Data Description and Visualization

The purpose of the present research is to continue the investigation regarding whether global video game sales (data acquired for approximately 16720 games) may be predicted by user scores (ratings between 0 and 10 that the users gave each game) and genre (Shooter = 1, Sports = 2, Platform = 3, Role-Play = 4, Racing = 5, Puzzle = 6, Action = 7, Simulation = 8, Strategy = 9, Adventure = 10, Fighting = 11, Misc = 12). This research also seeks to determine if multicollinearity or outliers that may affect the model are present in the data.
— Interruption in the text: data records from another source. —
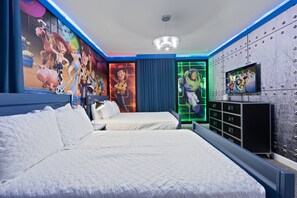 8 bedrooms, iron/ironing board, WiFi, bed sheets - Last Minute Disney! Private Pool, Hot Tub, Game Room & Themed Bedrooms. Book Now! #120841 (Orlando)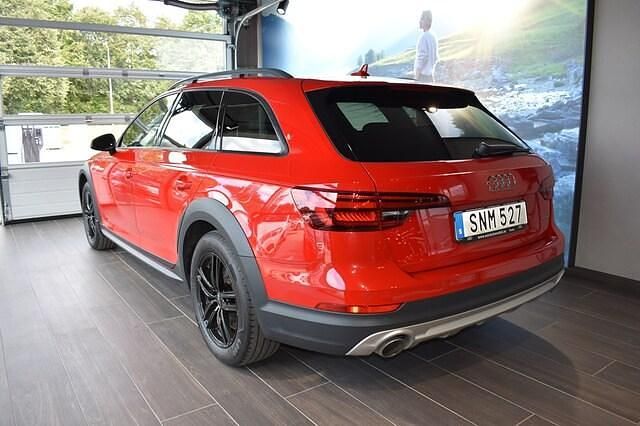 Röd Begagnad 2018 Audi A4 Allroad Comfort Kombi | 299 000 kr (Dyr) - Bild 1/3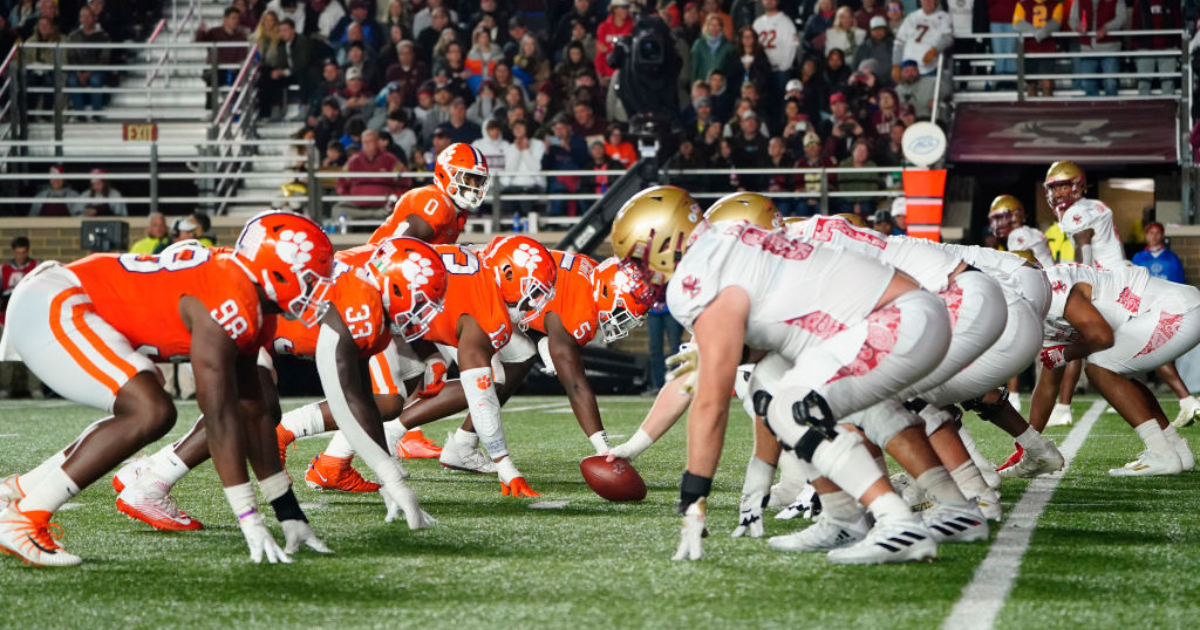 Clemson Football DL Etinosa Reuben Enters Transfer Portal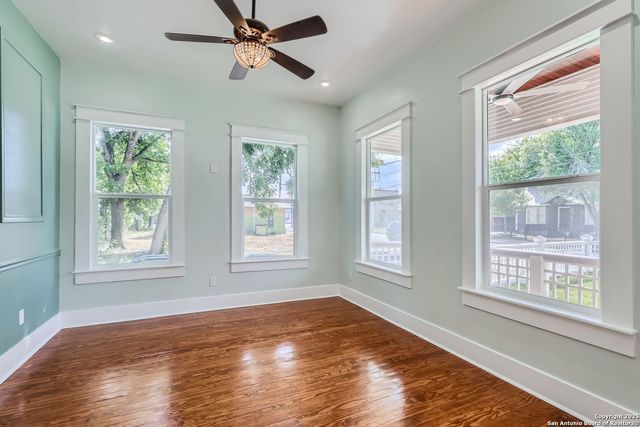 515 W Highland Blvd, San Antonio, TX 78210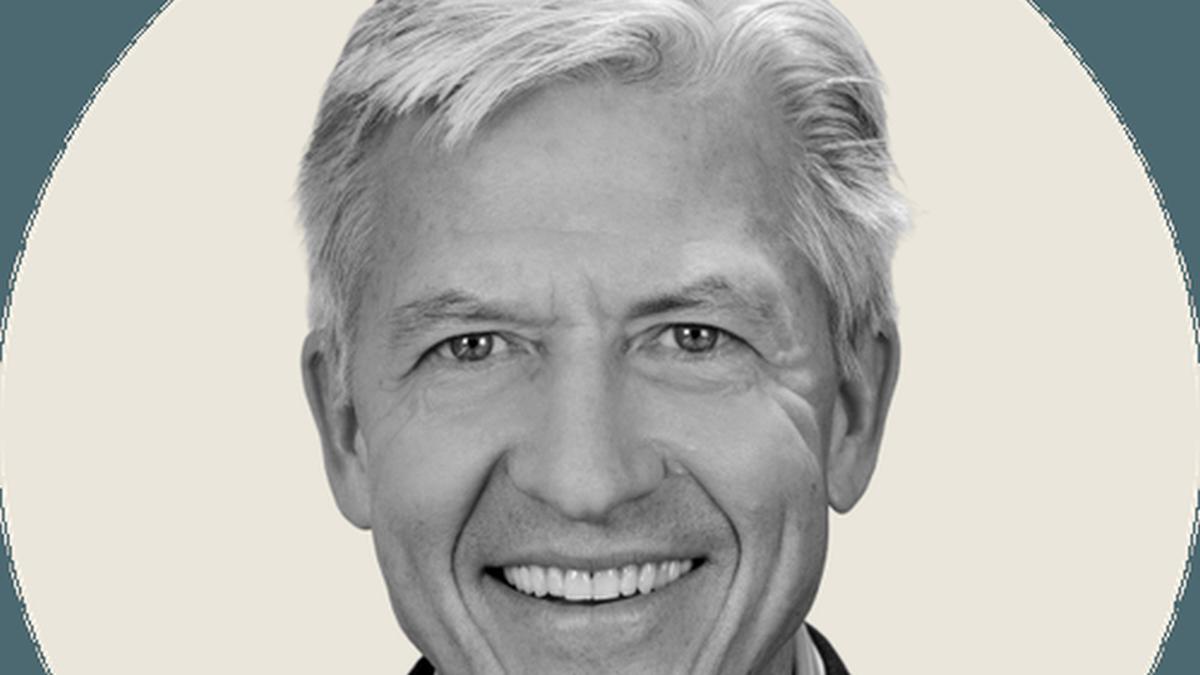 Dipuji Warren Buffett, Ini Sosok Bankir Kepercayaan Para Miliarder AS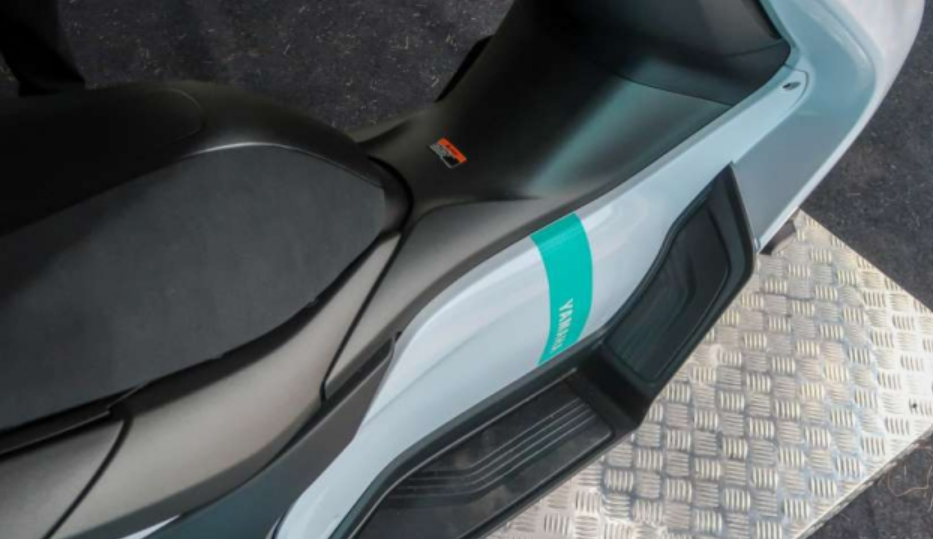 Mẫu xe máy mới "soán ngôi" Honda PCX e:HEV lộ diện với thiết kế vượt tầm phân khúc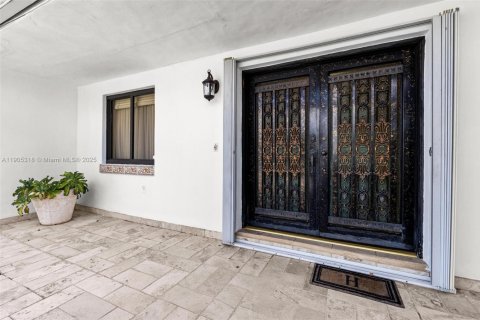 Купить виллу или дом в Майами, Флорида 5 спален, 192.4м2, № 1956130 - фото 8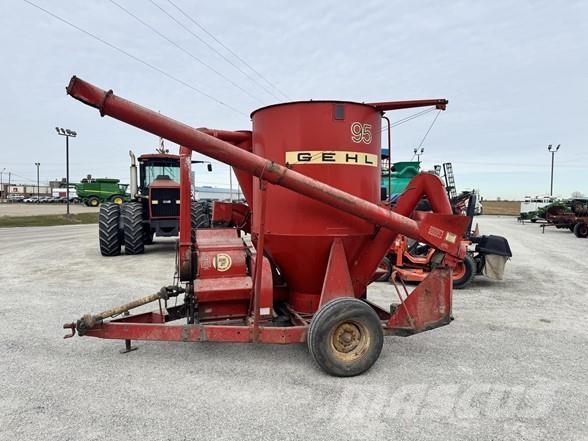 Gehl MX95 معدات البناء - غير ذلك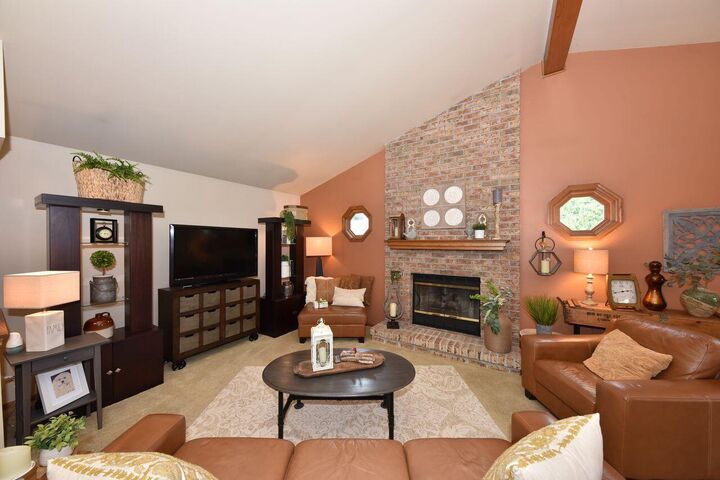 Property Photo:  W154n7712 Pheasant Ln  WI 53051 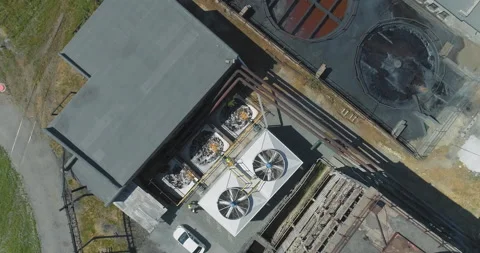 Factory cooling system. Wet type cooling tower. Cooling tower at the factory Vidéo 166591752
The previous investigation determined no significant interaction effect between Genre and User Scores on the prediction of Global Sales.

Multiple Linear Regression

Regression Line

library(tibble)

## Warning: package 'tibble' was built under R version 4.0.3

library(tidyverse)

## -- Attaching packages ------------------------------------------------ tidyverse 1.3.0 --

## v ggplot2 3.3.2     v dplyr   1.0.2
## v tidyr   1.1.2     v stringr 1.4.0
## v readr   1.4.0     v forcats 0.5.0
## v purrr   0.3.4

## -- Conflicts --------------------------------------------------- tidyverse_conflicts() --
## x dplyr::filter() masks stats::filter()
## x dplyr::lag()    masks stats::lag()

library(pander)

## Warning: package 'pander' was built under R version 4.0.3

library(car)

## Warning: package 'car' was built under R version 4.0.3

## Loading required package: carData

## 
## Attaching package: 'car'

## The following object is masked from 'package:dplyr':
## 
##     recode

## The following object is masked from 'package:purrr':
## 
##     some

library(lindia)

## Warning: package 'lindia' was built under R version 4.0.3

games <- read.csv("C:/Users/Admin/Downloads/games.csv")
attach(games)
one_m2 <- lm(Global_Sales ~ Genre + User_Score, data=games)
one_c2 <- coefficients(one_m2)
one_s2 <- summary(one_m2)
one_ci2 <- as_tibble(confint(one_m2, level=0.95))
one_t2 <- as_tibble(one_s2[[4]])
p.value.string = function(p.value){
  p.value <- round(p.value, digits=4)
  if (p.value == 0) {
    return("p < 0.0001")
  } else {
    return(paste0("p = ", format(p.value, scientific = F)))
  }
}
almost_sas <- function(aov.results){
  par(mfrow=c(2,2))
  plot(aov.results, which=1)
  plot(aov.results, which=2)
  aov_residuals <- residuals(aov.results)
  plot(density(aov_residuals))
  hist(aov_residuals)
}
one <- mutate(games, obs = row_number())

The regression line is as follows, such that $Y={\mbox{Global Sales}}$ is:

\[ \hat{Y} = 0.08 -0.02 X_{\mbox{Genre}} + 0.11X_{\mbox{User Score}} \]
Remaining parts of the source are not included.